PostgreSQL: REGEXP_MATCHES, REGEXP_REPLACE, REGEXP_SPLIT_TO_ARRAY, REGEXP_SPLIT_TO_TABLE

Updated: January 6, 2024 By: Guest Contributor Post a comment

Introduction

PostgreSQL offers powerful text processing capabilities through its regular expression functions. Among these, REGEXP_MATCHES, REGEXP_REPLACE, REGEXP_SPLIT_TO_ARRAY, and REGEXP_SPLIT_TO_TABLE are particularly useful when dealing with text manipulation and data retrieval. This tutorial will explore these functions in detail, offering code examples and tips to harness their potential effectively.

Using REGEXP_MATCHES

The REGEXP_MATCHES function in PostgreSQL is used to match substrings in a string that fit a specified pattern. This function returns a text array of all the matching substrings.

SELECT REGEXP_MATCHES('The quick brown fox', 'quick|slow');

This query will return {"quick"} as the word “quick” matches the pattern.

Multiple matches:

SELECT REGEXP_MATCHES('Repeat, repeat, repeat...', '\\w+', 'g');

The ‘g’ flag is used for global matches, meaning all occurrences in the text, rather than stopping after the first match.
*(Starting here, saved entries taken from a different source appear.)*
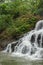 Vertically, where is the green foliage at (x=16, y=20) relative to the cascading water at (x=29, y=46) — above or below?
above

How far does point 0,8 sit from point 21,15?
2.54 meters

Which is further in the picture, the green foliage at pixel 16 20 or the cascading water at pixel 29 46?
the green foliage at pixel 16 20

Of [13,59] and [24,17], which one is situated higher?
[24,17]

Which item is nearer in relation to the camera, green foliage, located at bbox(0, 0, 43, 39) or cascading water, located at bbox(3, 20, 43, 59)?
cascading water, located at bbox(3, 20, 43, 59)

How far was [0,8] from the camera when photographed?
30.8 m

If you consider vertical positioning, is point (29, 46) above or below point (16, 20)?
below

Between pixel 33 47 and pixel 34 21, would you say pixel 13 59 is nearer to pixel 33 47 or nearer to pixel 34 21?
pixel 33 47

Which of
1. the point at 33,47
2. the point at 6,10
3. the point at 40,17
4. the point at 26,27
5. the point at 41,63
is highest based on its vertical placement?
the point at 6,10

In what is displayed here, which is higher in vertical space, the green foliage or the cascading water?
the green foliage

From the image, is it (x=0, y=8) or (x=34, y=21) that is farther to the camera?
(x=0, y=8)

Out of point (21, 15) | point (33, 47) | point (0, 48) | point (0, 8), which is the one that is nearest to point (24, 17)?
point (21, 15)

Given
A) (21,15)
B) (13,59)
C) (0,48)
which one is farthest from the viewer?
(21,15)

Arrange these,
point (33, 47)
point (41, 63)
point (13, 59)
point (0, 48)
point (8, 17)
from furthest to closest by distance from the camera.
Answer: point (8, 17), point (0, 48), point (33, 47), point (13, 59), point (41, 63)

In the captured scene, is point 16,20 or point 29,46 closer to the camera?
point 29,46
The above query returns an array of words.

Using REGEXP_REPLACE

REGEXP_REPLACE is used to replace substrings matching a specific pattern with another substring.

SELECT REGEXP_REPLACE('One for all, all for one', 'all', 'any');

The substitution will result in ‘One for any, any for one’. To replace all appearances, you use the ‘g’ flag:

SELECT REGEXP_REPLACE('All around the mulberry bush', 'All|all', 'each', 'g');

This will turn all occurrences of ‘All’ or ‘all’ to ‘each’, regardless of their case.
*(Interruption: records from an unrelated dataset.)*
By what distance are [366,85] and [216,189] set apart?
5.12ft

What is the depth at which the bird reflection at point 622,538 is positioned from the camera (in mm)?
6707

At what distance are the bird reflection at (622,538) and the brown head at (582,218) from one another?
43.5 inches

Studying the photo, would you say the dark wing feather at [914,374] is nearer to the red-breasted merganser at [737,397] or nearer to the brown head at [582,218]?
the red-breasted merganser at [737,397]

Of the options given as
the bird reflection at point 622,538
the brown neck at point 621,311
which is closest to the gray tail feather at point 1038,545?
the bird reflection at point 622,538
Using REGEXP_SPLIT_TO_ARRAY

REGEXP_SPLIT_TO_ARRAY function divides a string into an array based on a regular expression pattern.
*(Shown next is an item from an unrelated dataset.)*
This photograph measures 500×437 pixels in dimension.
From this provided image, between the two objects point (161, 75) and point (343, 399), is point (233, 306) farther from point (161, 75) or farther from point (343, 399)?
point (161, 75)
SELECT REGEXP_SPLIT_TO_ARRAY('One,Two,Three,Four', ',');

This results in {"One","Two","Three","Four"}. You can split a sentence into words by splitting on spaces:

SELECT REGEXP_SPLIT_TO_ARRAY('A stitch in time saves nine', '\\s+');

Splits the string by one or more whitespace characters, producing an array of words.

Using REGEXP_SPLIT_TO_TABLE

REGEXP_SPLIT_TO_TABLE is similar to REGEXP_SPLIT_TO_ARRAY but distributes the results across rows rather than as an array.

SELECT REGEXP_SPLIT_TO_TABLE('This is a sentence.', '\\s');

This would result in each word being returned in a separate row instead of appearing in an array.

Splitting a CSV into multiple rows can be performed as follows:

SELECT REGEXP_SPLIT_TO_TABLE('John,Paul,George,Ringo',',');

And it separates each name into different rows.

Combining Functions for Complex Patterns

These functions can be combined to achieve more complex text manipulation. For example, to find and replace a pattern and then split the result into an array, you would use REGEXP_REPLACE nested in REGEXP_SPLIT_TO_ARRAY:

SELECT REGEXP_SPLIT_TO_ARRAY(REGEXP_REPLACE('abc123def456ghi789', '\\d+', '-', 'g'), '-');

This replaces all sequences of digits with hyphens and then splits the string into an array at each hyphen.

Advanced Patterns and Conditions

Using advanced regular expression patterns allows you to deal with more complex string manipulations. Lookaheads, lookbehinds, and capturing groups help you tailor the text processing to your needs:

SELECT REGEXP_REPLACE('Price: $15.99, Tax: $1.44, Total: $17.43', '(\\w+): \$(\\d+.\\d+)', '\\1 is \\2 dollars', 'g');

This sophisticated pattern extracts monetary values and reformats them into a more readable sentence, while retaining the category names.

Performance Considerations

Regular expressions can be computationally expensive. It’s important to consider the performance when running these functions on large datasets or columns with large text strings.

To enhance performance, avoid unnecessary global searches and use simpler patterns where possible. Additionally, utilizing indexing strategies such as expression indexes could help if regular expression queries are frequent on specific columns.

Conclusion

This tutorial covered the basics through to some advanced usage of PostgreSQL’s REGEXP_MATCHES, REGEXP_REPLACE, REGEXP_SPLIT_TO_ARRAY, and REGEXP_SPLIT_TO_TABLE functions. Through careful crafting of regular expressions and understanding the use cases of these functions, you can perform sophisticated and efficient text processing and manipulation within your database.